Auf dem Bildschirm erscheinen glatte Wasserflächen, in denen sich Bäume spiegeln, deren Äste merkwürdig aussehen, als er in das Bild hineinzoomt. Er schreibt /imagine “beruhigende Bilder von der Absurdität der Dinge”, aber die Resultate – eine Frau mit einer Schale Eiscreme auf dem Kopf und ein blauer Bus unter einem Eiscremehimmel – gefallen ihm nicht. Wieso denkt die Künstliche Intelligenz bei Absurdität an gigantisches Speiseeis? Vielleicht sollte er lieber Katzenbilder oder Tierbabys generieren. Die im Internet allgemein akzeptierten Beruhigungsbilder niedlicher Tiere würden vielleicht mehr helfen. Nano springt auf den Schreibtisch und schaut ihn an. Er fragt sich kurz, ob auf dem Rücken des Katers weißes Fell wächst, aber bei genauerem Hinschauen ist er genauso nackt und hässlich wie immer.

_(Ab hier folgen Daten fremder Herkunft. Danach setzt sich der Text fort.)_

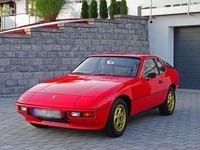 Gebraucht Porsche 924 125 PS (91 kW) 1977 Rot Coupé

Er lässt die künstliche Intelligenz auf Basis eines Bildes von Nano eine Katze mit weißem Fell generieren. Für einen Moment hat er das Gefühl, dass sein Kater ihn protestierend anschaut. Die generierten Katzen sehen aus wie Werbetiere, keine Spur von der rosigen Nackheit seines Katers. Ihre Augen leuchten silbrig-blau und sehen im Vergleich zu den blassgrünen Augen des Katers, der neben seiner Tastatur sitzt, unnatürlich aus.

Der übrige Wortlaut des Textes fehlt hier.